Because Mars has no intrinsic magnetic filed, the solar wind directly interacts with the planetary ionosphere. Under this circumstance, the planetary ionopause represents a density discontinuity surface and a velocity shear surface between the magnetized solar wind flow and the planetary ionosphere. The ionopause is subject to the Kelvin-Helmholtz (KH) instability [Amerstorfer et al., 2010], which is expected to play a role in removing ionospheric materials from the planet. In addition, the KH instability may cause a dawn-dusk asymmetry at the magnetopause because of the finite Larmor radius (FLR) effect of ions [Nagano, 1978]. At an ionopause, for the same reason, the KH instability may cause an asymmetry in the direction of the solar wind motional electric field.

Terada et al. [2002] pointed out using a global hybrid simulation that the KH instability at the Venusian ionopause develops asymmetrically through the acceleration of ionospheric ions in the direction of the solar wind motional electric field. It is known that the ion FLR effect, the gravitational stabilizing effect, the effect of the thickness of the boundary layer, etc. determine the initial growth of the KH instability.

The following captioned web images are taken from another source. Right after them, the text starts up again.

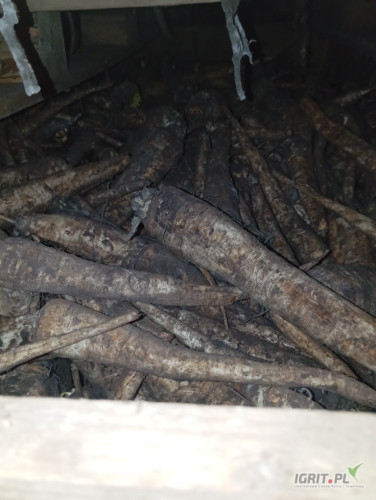 Sprzedam pietruszke na brudno na przemysł cena do uzgodnienia około 20ton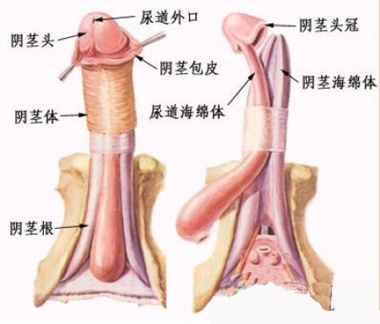佛山男科医院割包皮，专业、安全与温馨的男性健康之选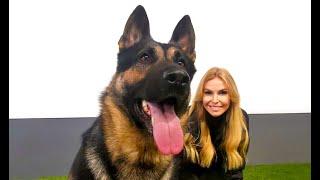 THE GERMAN SHEPHERD DOG - Working line or Show?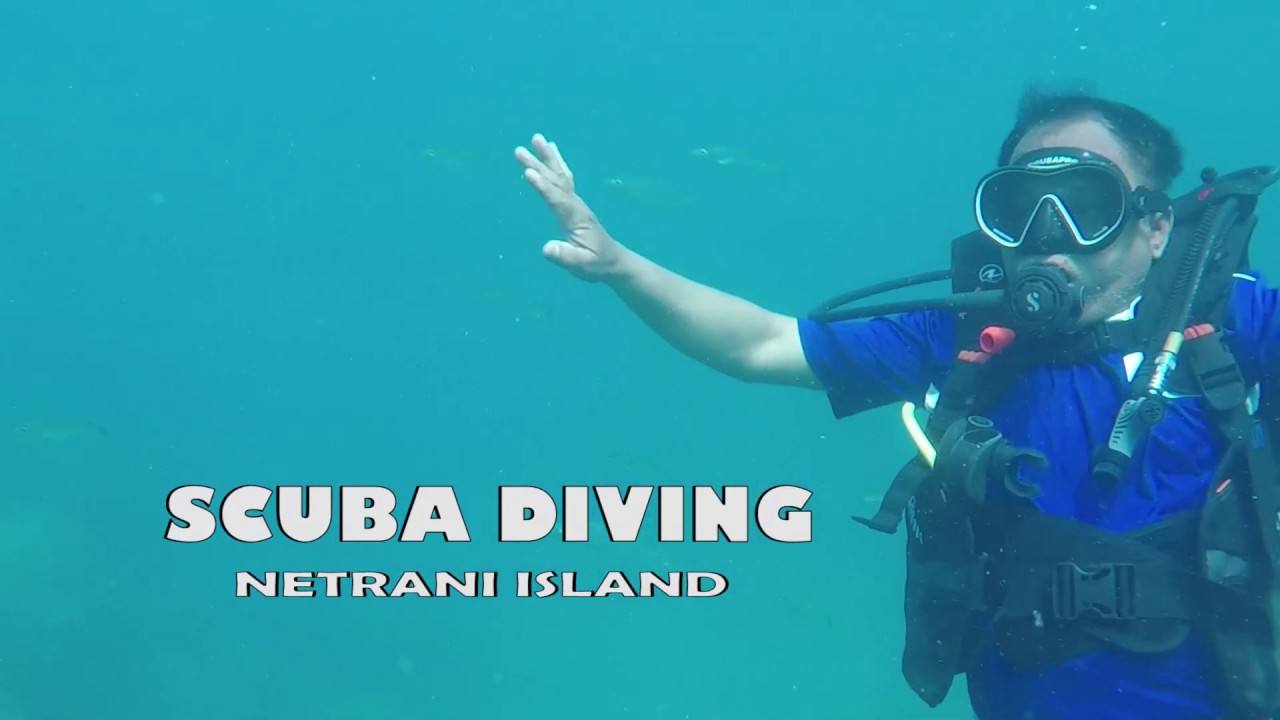 Scuba Diving Netrani Island Murudeshwar Scuba Diving For Dummies - roblox scuba diving at quill lake atlantean vault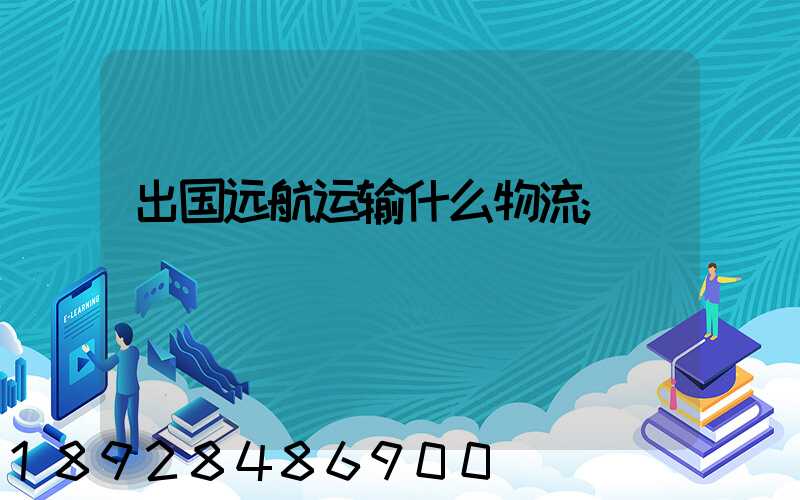 出国远航运输什么物流
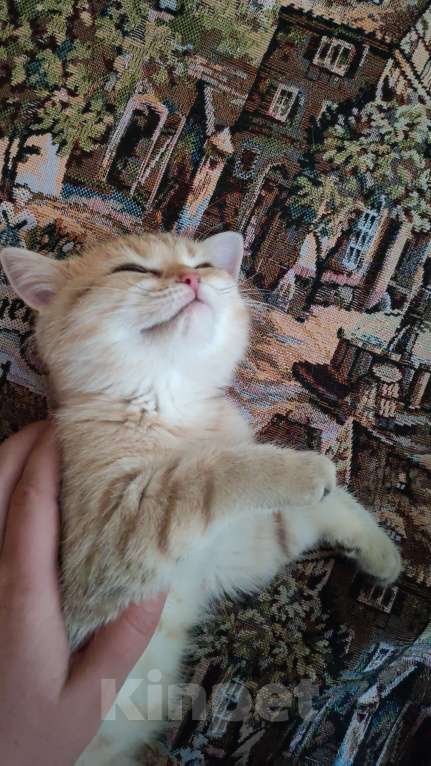Кошки в Казани: Британский короткошерстный котёнок Мальчик, 18 000 руб. - фото 5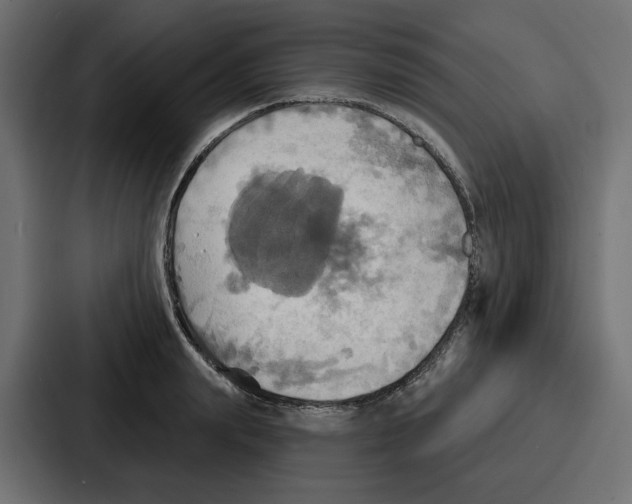 X0000086750847200705111653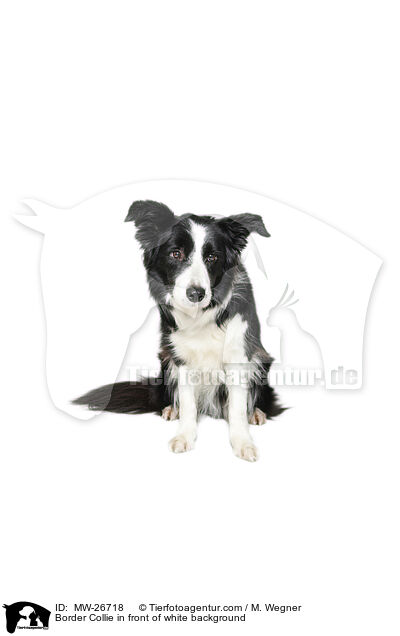 Border Collie in front of white background / MW-26718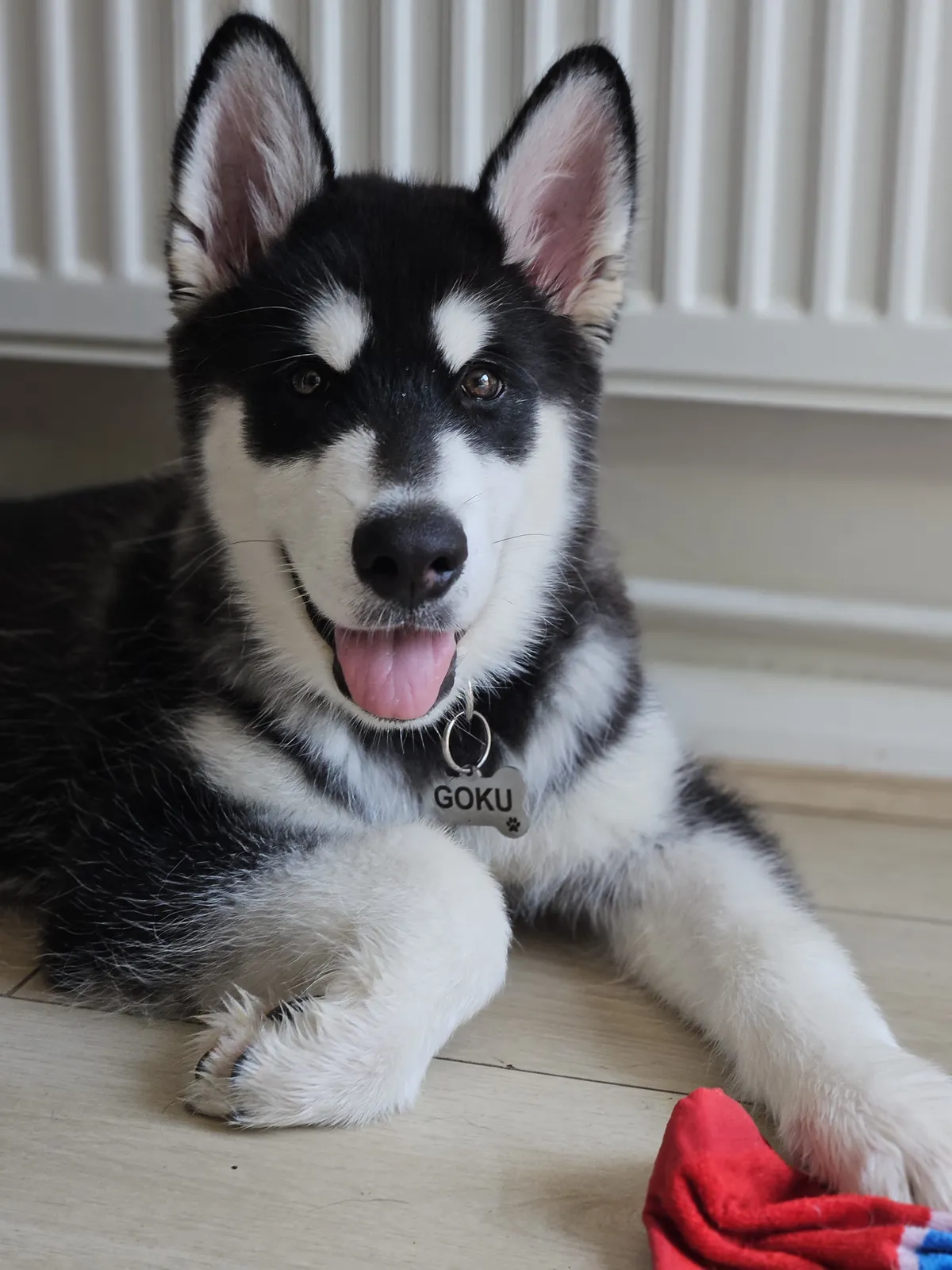A Husky puppy sitting happily, tongue out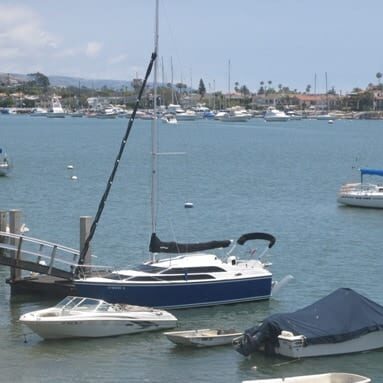 balboa island in newport 
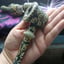 Small image 7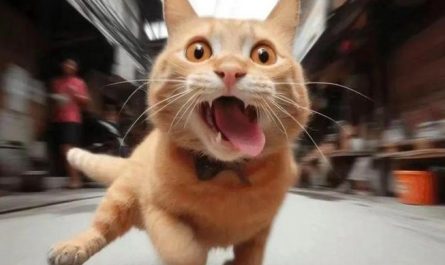 Rêve de chats qui s’enfuient : 12 Interprétations et Symboles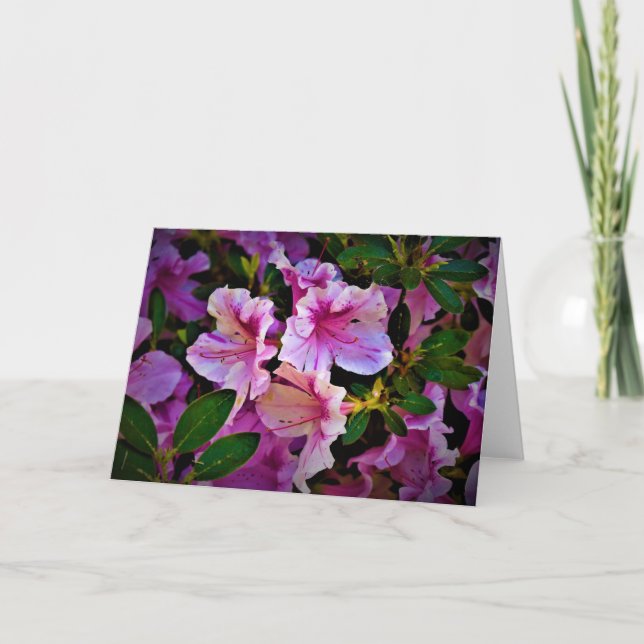Lily, card (Front)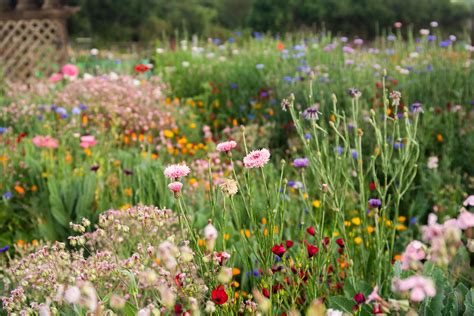 Where to See Wild Flowers Near Me: A Journey Through Nature's Palette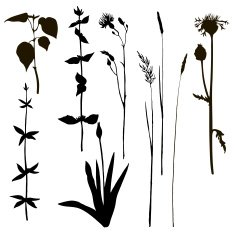 silhouettes of herbs and flowers N3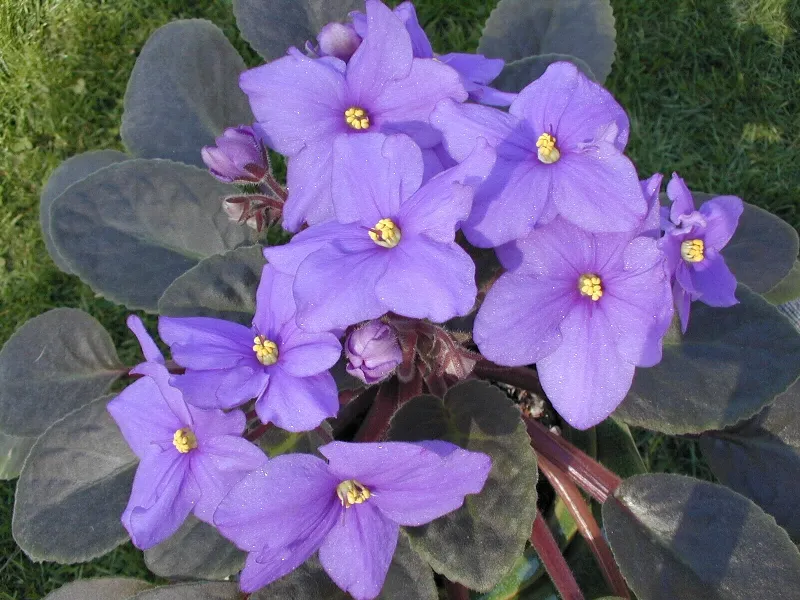 Veilchen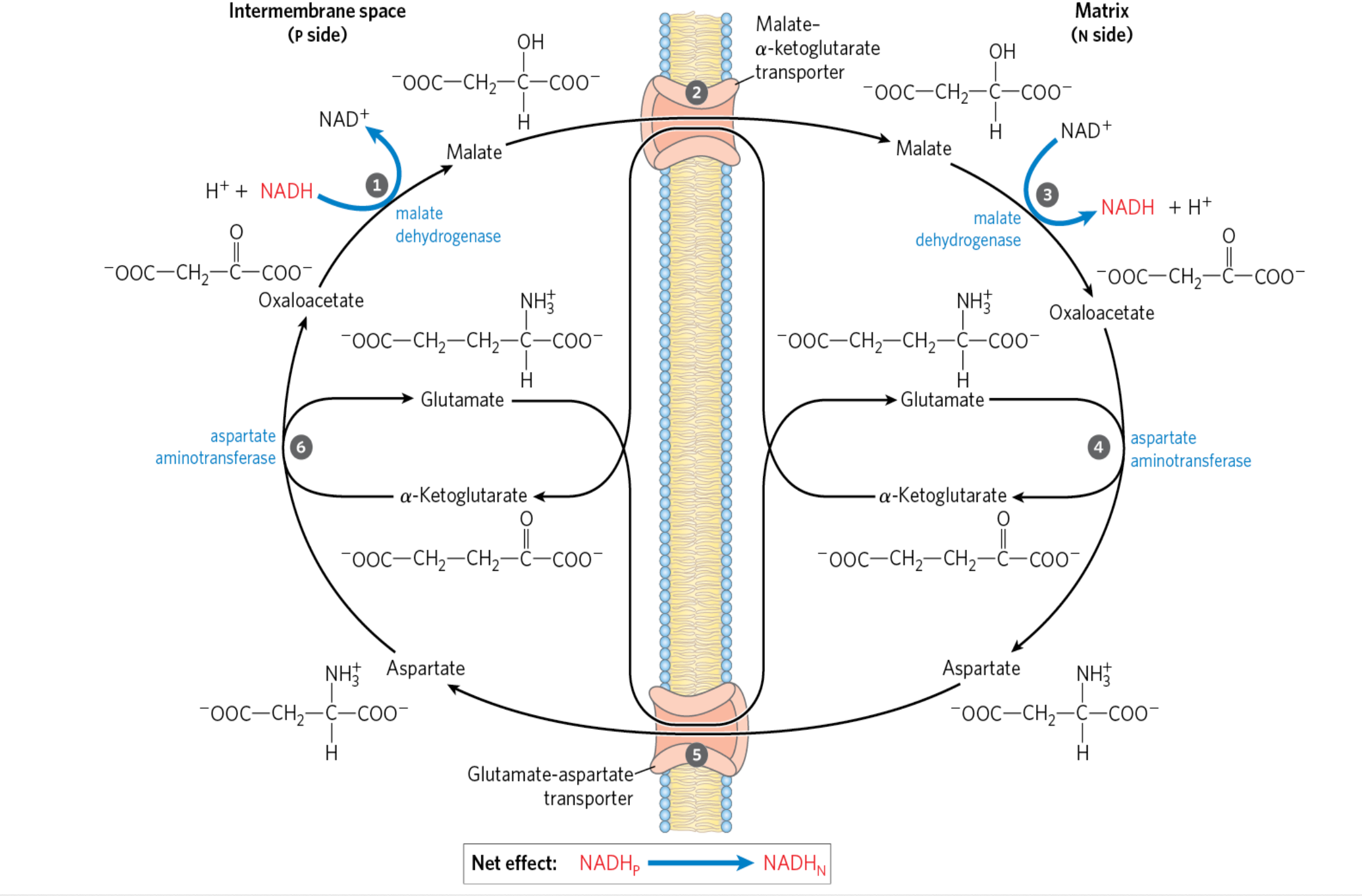Malate-Aspartate Shuttle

However, it was difficult to separately evaluate each contribution of these effects with the global hybrid simulation. Because of this, quantitative evaluations of these competing effects at the Martian ionopause have not yet been done.

In this study, to model a more realistic condition of Mars, we have performed simulation runs with a density gradient in the direction of the velocity shear (horizontal direction) in the Martian ionosphere. Our past simulations, which used a periodic boundary condition, had a peak of momentum at the ionopause in the initial condition, so that the growth rate of the KH instability can be over-estimated. This problem is partly resolved by employing this realistic condition. Accordingly, it is expected that the growth rate of the KH instability decreases near the subsolar point, but increases at high SZAs due to the horizontal density gradient compared to our previous results, resulting in a different atmospheric escape rate. In this presentation, initial results obtained from the numerical simulation that considers the horizontal density gradient will be presented.